I'm thinking about cutting back to 3 litters per year per doe (roughly).....and giving them more time "off" in between litters...but I'm debating on the pros and cons of this.....

So I thought I'd ask y'all what you do?



Peg


----------



## Berlena (Mar 6, 2006)

I guess I never think about how many litters I want per doe. I just either breed for Convention/Nationals or if I want a certain cross. So my does have varying times between breeding. Some are re-bred when they wean their kits some are re-bred when their kits are 3 weeks old.... depends on what I need at the time.


----------



## SunnieBunnie Rabbitry (Mar 6, 2006)

(Hi Berlena!! Welcome to the forum!:bunnydance

On average, I get 4 litters per year, per doe. Like Berlena, sometimes I breed for and around specific dates - Mini Rex Nationals are at the end of April, so I've got all my litters due within the next couple weeks so that I will not have any babies in the nestbox when I'm gone.

Normally, I rebreed my does when thier litter is 6-8 weeks old... but this month they'll have an "extended" break - I'll breed them the week before Nationals so I'll have pregnant rabbits (no newborns), and then I can palpate when I get back and rebreed if necessary.

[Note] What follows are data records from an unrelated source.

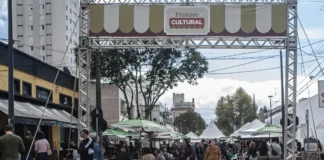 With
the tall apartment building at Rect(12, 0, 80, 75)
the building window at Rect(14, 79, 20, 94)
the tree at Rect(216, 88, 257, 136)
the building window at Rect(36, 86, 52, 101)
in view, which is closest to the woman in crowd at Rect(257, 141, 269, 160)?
the building window at Rect(14, 79, 20, 94)

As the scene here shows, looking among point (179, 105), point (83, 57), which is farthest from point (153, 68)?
point (179, 105)

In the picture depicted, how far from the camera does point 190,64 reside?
39656mm

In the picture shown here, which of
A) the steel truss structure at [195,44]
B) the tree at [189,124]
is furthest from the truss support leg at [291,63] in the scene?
the tree at [189,124]

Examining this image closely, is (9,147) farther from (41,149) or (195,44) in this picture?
(195,44)

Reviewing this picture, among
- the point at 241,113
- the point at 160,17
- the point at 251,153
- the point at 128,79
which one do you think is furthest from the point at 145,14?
the point at 241,113

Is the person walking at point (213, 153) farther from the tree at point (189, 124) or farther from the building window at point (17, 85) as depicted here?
the tree at point (189, 124)

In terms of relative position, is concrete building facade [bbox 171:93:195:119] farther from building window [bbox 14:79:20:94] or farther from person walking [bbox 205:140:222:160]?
person walking [bbox 205:140:222:160]

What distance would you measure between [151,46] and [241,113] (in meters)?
67.7

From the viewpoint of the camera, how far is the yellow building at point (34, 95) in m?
22.8

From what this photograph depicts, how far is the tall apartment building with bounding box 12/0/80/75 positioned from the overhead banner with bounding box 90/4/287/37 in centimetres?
8067

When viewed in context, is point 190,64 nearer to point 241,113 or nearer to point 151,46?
point 151,46

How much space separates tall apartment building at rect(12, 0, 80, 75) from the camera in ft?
329

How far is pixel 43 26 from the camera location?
101688mm

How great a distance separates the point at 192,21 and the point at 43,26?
85091 mm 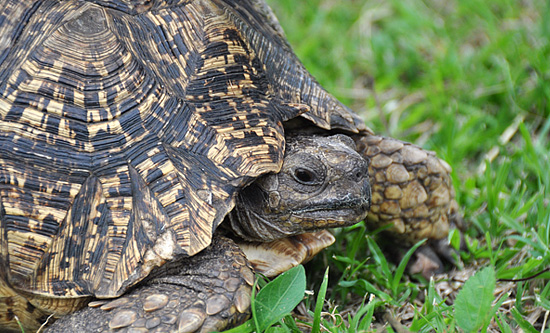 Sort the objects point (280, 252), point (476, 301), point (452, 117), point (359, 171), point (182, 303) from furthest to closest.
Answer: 1. point (452, 117)
2. point (280, 252)
3. point (359, 171)
4. point (182, 303)
5. point (476, 301)

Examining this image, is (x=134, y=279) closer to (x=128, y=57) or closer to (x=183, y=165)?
(x=183, y=165)

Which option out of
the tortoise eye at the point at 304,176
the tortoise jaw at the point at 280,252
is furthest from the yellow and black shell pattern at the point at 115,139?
the tortoise jaw at the point at 280,252

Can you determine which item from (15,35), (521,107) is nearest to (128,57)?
(15,35)

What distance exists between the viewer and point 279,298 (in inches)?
89.2

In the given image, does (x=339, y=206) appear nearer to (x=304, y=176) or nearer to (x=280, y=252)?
(x=304, y=176)

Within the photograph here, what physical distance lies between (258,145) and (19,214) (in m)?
0.97

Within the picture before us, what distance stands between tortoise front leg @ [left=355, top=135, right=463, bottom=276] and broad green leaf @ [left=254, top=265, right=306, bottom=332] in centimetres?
93

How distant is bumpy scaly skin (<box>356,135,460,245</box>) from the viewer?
3064 millimetres

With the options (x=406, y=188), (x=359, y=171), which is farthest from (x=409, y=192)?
(x=359, y=171)

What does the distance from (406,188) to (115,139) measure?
1546mm

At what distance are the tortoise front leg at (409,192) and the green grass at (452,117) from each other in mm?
151

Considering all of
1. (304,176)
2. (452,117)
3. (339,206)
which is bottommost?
(452,117)

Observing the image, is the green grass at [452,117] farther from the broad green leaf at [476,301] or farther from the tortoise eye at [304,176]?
the tortoise eye at [304,176]

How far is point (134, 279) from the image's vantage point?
7.29 feet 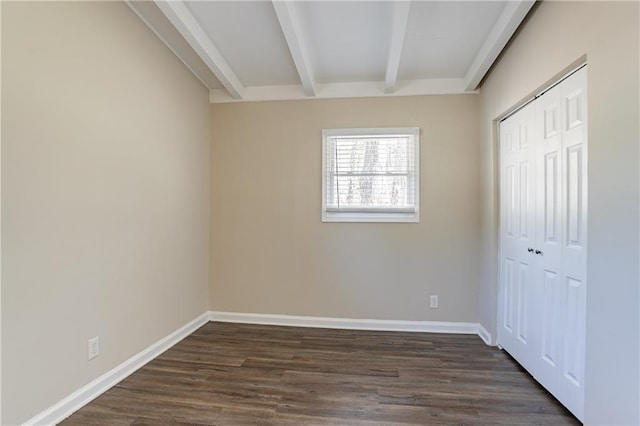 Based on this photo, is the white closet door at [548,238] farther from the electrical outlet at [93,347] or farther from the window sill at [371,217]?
the electrical outlet at [93,347]

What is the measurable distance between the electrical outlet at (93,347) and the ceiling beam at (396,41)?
3029 millimetres

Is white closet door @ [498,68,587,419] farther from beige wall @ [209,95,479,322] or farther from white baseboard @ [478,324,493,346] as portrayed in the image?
beige wall @ [209,95,479,322]

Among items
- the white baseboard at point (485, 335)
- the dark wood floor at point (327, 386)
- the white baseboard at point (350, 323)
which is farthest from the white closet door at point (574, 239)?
the white baseboard at point (350, 323)

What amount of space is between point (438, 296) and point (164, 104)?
325 centimetres

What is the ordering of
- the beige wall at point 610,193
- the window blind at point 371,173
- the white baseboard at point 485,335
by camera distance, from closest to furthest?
the beige wall at point 610,193, the white baseboard at point 485,335, the window blind at point 371,173

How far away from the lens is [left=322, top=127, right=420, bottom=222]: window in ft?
11.3

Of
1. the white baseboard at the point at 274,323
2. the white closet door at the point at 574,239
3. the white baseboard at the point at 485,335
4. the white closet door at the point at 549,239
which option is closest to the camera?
the white closet door at the point at 574,239

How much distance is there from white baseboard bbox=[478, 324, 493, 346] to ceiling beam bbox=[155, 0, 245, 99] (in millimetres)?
3522

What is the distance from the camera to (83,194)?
2043 millimetres

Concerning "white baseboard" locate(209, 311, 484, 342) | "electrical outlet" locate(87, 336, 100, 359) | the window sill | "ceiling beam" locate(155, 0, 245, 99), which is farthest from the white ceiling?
"white baseboard" locate(209, 311, 484, 342)

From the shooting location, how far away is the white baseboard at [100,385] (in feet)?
5.99

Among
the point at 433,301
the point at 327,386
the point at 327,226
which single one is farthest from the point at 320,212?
the point at 327,386

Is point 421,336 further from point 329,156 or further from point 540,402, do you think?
point 329,156

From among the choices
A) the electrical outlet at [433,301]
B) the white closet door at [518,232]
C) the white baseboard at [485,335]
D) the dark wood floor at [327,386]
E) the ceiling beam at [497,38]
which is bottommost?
the dark wood floor at [327,386] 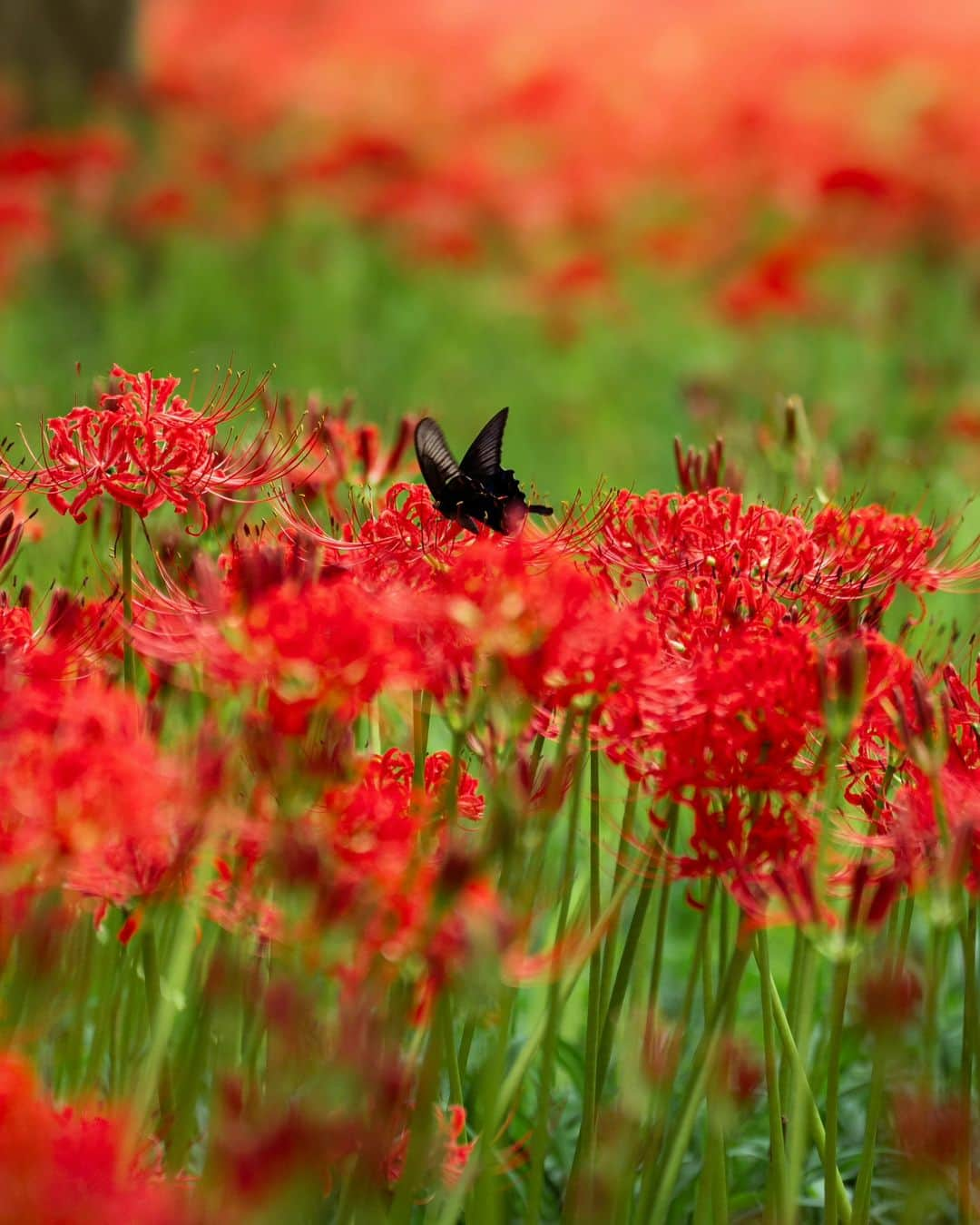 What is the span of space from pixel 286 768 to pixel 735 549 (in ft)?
1.69

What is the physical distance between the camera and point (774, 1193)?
1.38 m

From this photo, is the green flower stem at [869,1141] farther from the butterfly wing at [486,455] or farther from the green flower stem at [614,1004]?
the butterfly wing at [486,455]

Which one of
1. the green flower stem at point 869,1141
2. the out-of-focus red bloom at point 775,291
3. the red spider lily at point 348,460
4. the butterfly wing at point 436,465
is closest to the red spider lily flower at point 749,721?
the green flower stem at point 869,1141

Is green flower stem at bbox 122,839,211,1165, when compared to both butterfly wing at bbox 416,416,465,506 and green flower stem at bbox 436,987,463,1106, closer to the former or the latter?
green flower stem at bbox 436,987,463,1106

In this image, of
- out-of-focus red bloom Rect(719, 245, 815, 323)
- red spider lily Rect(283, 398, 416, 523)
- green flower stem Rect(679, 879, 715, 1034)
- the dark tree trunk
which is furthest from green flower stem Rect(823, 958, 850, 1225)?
the dark tree trunk

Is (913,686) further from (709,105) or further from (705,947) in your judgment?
(709,105)

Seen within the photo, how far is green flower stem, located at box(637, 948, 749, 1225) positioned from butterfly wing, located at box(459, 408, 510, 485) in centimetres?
53

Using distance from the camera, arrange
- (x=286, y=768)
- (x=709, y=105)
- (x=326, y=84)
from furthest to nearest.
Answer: (x=326, y=84)
(x=709, y=105)
(x=286, y=768)

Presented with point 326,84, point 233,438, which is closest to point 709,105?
point 326,84

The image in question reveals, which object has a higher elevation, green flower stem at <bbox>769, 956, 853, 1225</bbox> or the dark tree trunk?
the dark tree trunk

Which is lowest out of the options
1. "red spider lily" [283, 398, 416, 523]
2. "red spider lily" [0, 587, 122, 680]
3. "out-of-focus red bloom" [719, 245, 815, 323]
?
Result: "red spider lily" [0, 587, 122, 680]

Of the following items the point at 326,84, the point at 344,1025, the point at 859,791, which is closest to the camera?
the point at 344,1025

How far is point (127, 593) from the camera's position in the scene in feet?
4.46

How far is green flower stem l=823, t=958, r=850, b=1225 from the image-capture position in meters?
1.26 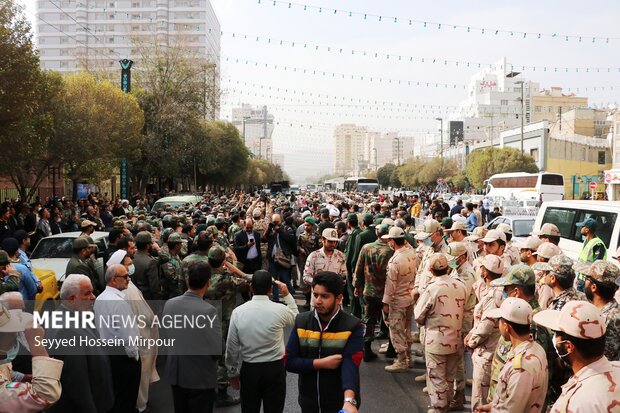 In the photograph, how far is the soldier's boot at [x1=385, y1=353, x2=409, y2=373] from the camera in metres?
8.02

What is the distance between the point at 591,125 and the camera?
79.8 metres

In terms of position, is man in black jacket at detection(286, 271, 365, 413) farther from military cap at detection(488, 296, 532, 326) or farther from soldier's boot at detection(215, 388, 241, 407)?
soldier's boot at detection(215, 388, 241, 407)

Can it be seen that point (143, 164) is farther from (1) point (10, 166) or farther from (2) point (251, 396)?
(2) point (251, 396)

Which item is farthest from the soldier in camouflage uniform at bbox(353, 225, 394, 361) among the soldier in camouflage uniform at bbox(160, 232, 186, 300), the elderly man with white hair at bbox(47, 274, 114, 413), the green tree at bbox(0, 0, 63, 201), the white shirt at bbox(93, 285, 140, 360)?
the green tree at bbox(0, 0, 63, 201)

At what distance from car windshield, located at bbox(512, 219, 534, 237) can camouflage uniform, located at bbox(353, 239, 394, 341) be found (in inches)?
336

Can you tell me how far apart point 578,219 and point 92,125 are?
19.8 meters

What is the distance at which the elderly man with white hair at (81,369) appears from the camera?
13.4ft

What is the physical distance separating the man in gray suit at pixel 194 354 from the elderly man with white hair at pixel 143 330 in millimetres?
890

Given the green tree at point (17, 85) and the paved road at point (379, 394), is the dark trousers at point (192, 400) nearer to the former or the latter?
the paved road at point (379, 394)

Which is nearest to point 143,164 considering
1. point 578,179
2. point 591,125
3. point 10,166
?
point 10,166

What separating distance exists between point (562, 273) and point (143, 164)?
35.4 m

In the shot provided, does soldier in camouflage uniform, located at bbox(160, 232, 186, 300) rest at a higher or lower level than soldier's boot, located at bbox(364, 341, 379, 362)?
higher

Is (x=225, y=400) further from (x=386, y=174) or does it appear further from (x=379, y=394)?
(x=386, y=174)

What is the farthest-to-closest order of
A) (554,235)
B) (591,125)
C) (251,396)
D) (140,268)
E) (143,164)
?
(591,125) → (143,164) → (554,235) → (140,268) → (251,396) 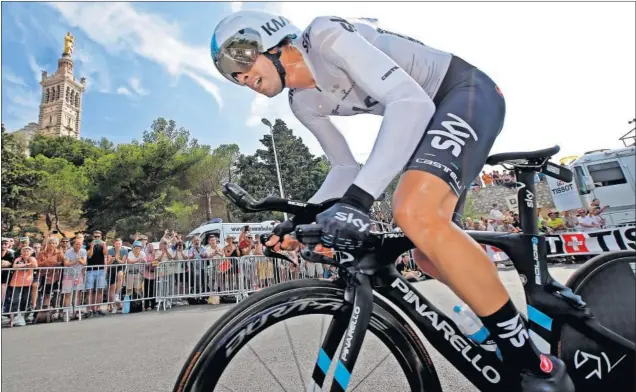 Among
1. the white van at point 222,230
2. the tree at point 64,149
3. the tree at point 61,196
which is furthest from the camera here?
the tree at point 64,149

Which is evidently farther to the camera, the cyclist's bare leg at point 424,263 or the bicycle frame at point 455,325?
the cyclist's bare leg at point 424,263

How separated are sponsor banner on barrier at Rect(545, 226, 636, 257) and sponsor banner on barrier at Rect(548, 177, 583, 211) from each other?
1190 cm

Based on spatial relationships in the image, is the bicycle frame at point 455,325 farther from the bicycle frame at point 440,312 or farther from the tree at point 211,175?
the tree at point 211,175

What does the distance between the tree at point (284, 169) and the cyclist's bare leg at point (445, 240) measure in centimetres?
3051

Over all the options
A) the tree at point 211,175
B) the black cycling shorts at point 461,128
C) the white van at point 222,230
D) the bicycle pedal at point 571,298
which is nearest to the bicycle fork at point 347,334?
the black cycling shorts at point 461,128

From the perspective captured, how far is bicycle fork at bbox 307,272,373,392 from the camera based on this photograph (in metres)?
1.21

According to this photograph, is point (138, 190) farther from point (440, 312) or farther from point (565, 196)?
point (440, 312)

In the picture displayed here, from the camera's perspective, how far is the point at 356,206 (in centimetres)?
115

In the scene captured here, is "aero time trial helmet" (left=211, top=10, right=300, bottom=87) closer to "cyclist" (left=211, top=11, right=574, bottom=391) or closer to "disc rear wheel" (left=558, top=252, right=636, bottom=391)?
"cyclist" (left=211, top=11, right=574, bottom=391)

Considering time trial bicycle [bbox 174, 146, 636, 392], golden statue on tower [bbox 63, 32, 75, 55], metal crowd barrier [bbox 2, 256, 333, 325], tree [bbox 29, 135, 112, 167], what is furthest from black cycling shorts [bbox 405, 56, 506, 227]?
golden statue on tower [bbox 63, 32, 75, 55]

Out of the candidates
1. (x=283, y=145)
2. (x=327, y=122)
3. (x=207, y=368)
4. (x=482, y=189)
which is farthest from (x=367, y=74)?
(x=482, y=189)

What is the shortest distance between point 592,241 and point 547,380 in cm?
73

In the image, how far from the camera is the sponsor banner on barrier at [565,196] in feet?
38.4

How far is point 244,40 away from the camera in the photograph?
1.48 meters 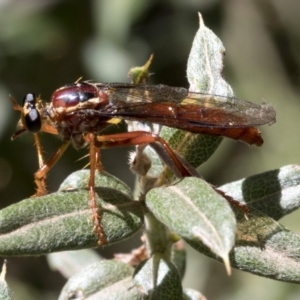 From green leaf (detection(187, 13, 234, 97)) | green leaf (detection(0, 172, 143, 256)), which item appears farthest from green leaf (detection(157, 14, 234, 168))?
green leaf (detection(0, 172, 143, 256))

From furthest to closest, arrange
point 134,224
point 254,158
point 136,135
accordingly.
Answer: point 254,158 → point 136,135 → point 134,224

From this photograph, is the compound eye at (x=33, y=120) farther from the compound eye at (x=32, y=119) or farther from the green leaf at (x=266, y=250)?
the green leaf at (x=266, y=250)

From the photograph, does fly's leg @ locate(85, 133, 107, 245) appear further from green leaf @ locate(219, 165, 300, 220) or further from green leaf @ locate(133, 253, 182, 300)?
green leaf @ locate(219, 165, 300, 220)

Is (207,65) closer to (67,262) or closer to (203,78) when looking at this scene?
(203,78)

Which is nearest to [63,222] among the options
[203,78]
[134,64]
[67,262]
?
[203,78]

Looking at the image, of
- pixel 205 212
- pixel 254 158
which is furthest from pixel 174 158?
pixel 254 158

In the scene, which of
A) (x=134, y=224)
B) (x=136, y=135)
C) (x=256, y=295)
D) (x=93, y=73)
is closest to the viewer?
(x=134, y=224)

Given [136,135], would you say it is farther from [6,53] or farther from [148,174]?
[6,53] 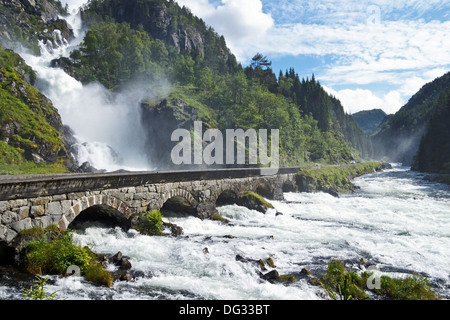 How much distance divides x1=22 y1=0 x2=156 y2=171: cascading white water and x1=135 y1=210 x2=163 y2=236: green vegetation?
3295 cm

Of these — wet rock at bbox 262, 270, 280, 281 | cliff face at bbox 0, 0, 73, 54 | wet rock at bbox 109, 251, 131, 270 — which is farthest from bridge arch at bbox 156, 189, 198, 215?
cliff face at bbox 0, 0, 73, 54

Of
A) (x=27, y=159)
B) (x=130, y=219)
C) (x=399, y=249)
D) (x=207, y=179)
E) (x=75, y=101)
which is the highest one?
(x=75, y=101)

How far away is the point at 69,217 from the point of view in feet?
39.9

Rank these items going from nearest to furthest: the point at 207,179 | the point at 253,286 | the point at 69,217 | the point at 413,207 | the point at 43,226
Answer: the point at 253,286 → the point at 43,226 → the point at 69,217 → the point at 207,179 → the point at 413,207

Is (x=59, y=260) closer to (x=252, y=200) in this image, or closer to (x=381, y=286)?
(x=381, y=286)

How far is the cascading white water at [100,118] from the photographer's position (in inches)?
1984

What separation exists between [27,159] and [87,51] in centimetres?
5659

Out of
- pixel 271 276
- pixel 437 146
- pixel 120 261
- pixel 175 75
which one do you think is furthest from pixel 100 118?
pixel 437 146

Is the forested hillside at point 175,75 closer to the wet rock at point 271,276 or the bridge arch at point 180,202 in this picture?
the bridge arch at point 180,202

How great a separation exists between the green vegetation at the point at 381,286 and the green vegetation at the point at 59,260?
7671 mm

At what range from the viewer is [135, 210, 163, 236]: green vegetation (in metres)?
15.7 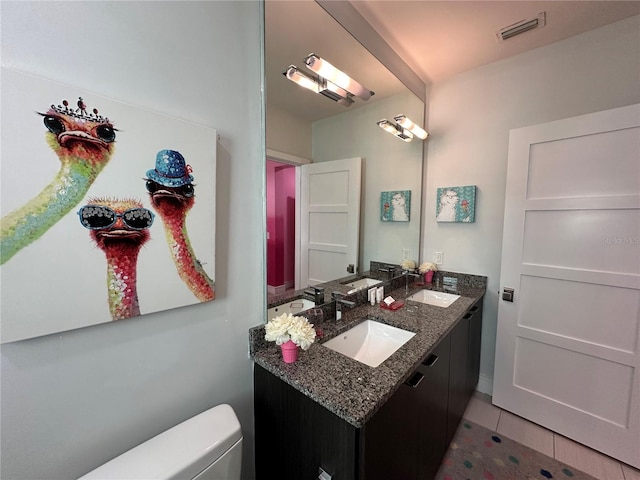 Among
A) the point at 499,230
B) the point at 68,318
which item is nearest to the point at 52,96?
the point at 68,318

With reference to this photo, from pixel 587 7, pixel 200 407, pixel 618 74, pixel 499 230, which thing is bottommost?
pixel 200 407

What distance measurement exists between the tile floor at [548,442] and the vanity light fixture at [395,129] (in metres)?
2.25

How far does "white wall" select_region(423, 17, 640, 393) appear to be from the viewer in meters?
1.67

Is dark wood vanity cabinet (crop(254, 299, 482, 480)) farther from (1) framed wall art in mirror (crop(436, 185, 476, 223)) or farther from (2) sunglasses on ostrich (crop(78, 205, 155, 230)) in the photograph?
(1) framed wall art in mirror (crop(436, 185, 476, 223))

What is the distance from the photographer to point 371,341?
155cm

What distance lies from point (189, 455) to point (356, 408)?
53 cm

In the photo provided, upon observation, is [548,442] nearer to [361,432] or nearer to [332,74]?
[361,432]

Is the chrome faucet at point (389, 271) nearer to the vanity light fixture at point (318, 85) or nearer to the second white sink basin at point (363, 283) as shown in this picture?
the second white sink basin at point (363, 283)

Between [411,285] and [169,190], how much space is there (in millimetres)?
2050

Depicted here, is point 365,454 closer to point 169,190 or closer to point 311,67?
point 169,190

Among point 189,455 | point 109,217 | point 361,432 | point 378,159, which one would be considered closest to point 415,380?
point 361,432

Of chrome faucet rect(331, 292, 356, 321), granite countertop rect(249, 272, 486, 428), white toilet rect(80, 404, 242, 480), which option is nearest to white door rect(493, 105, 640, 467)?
granite countertop rect(249, 272, 486, 428)

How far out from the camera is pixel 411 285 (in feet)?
7.59

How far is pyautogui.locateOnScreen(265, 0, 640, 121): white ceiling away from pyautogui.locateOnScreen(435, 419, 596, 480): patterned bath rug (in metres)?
2.25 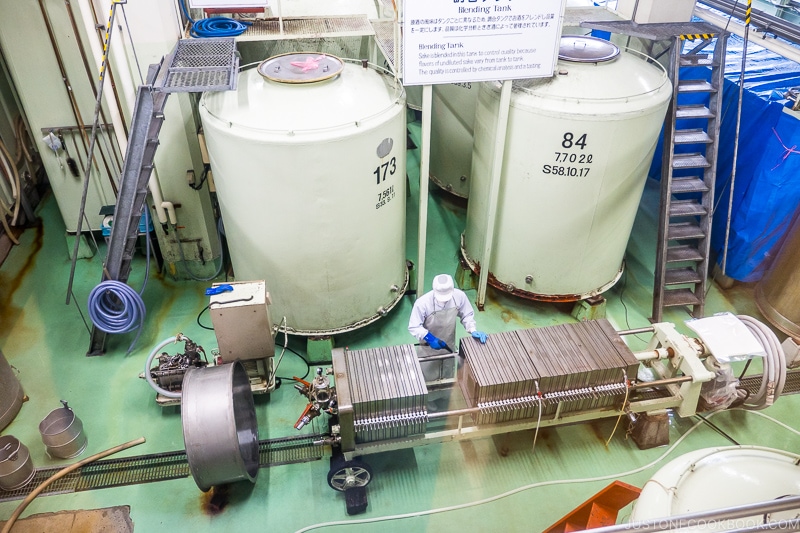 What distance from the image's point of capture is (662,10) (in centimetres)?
503

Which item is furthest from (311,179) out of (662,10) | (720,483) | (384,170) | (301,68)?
(662,10)

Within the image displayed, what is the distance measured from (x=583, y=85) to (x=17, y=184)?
588cm

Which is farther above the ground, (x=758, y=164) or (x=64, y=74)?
(x=64, y=74)

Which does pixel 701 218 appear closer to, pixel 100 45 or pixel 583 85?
pixel 583 85

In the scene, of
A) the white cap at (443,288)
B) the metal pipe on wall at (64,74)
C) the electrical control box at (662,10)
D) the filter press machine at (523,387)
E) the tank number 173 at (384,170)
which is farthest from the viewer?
the electrical control box at (662,10)

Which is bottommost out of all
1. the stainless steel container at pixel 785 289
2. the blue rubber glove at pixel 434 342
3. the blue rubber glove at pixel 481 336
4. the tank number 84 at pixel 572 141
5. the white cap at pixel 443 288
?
the stainless steel container at pixel 785 289

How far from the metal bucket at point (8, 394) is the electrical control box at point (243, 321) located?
1.74 m

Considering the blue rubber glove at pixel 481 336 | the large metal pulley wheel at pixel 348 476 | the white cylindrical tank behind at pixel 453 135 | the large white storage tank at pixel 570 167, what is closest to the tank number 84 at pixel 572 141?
Answer: the large white storage tank at pixel 570 167

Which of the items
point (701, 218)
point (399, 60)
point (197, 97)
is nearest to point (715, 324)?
point (701, 218)

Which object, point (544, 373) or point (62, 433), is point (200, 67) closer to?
point (62, 433)

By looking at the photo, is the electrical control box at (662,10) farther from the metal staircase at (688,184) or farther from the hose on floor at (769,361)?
the hose on floor at (769,361)

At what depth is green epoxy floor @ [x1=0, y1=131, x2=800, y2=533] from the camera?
12.2ft

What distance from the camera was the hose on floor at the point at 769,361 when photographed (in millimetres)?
3795

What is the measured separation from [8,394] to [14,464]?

 Who ever thought breeding rabbits would take soo much work & planning...

.







ILOVE what I do!


----------



## Berlena (Mar 6, 2006)

*SunnieBunnie Rabbitry wrote: *


> (Hi Berlena!! Welcome to the forum!:bunnydance





> Hi Sunnie! Thanks for the welcome.  Thats the part I love about rabbits.....is the planning.....deciding who to breed to who...etc. I love keeping records too lol. I keep records on everything!


----------



## joanster (Mar 6, 2006)

I am so glad someone asked this. My himi doe has only two surviving kits from her first litter. I was hoping to rebreed her. However, some have said to only breed your does once a year... Anyone else hear this?


----------



## Berlena (Mar 6, 2006)

*joanster wrote: *


> I am so glad someone asked this. My himi doe has only two surviving kits from her first litter. I was hoping to rebreed her. However, some have said to only breed your does once a year... Anyone else hear this?


If you want to keep your does productive you would need to breed more than once a year. Re-breed as soon as your kits are weaned or even before they are weaned. She will be fine as long as she is on a good feeding program and has fresh water at all times.


----------



## Bramble Briar86 (Mar 16, 2006)

I breed once in late february early march if i can for 4-H show season and then once again in late summer/early fall so that i can improve off of what i showed.

Ellie


----------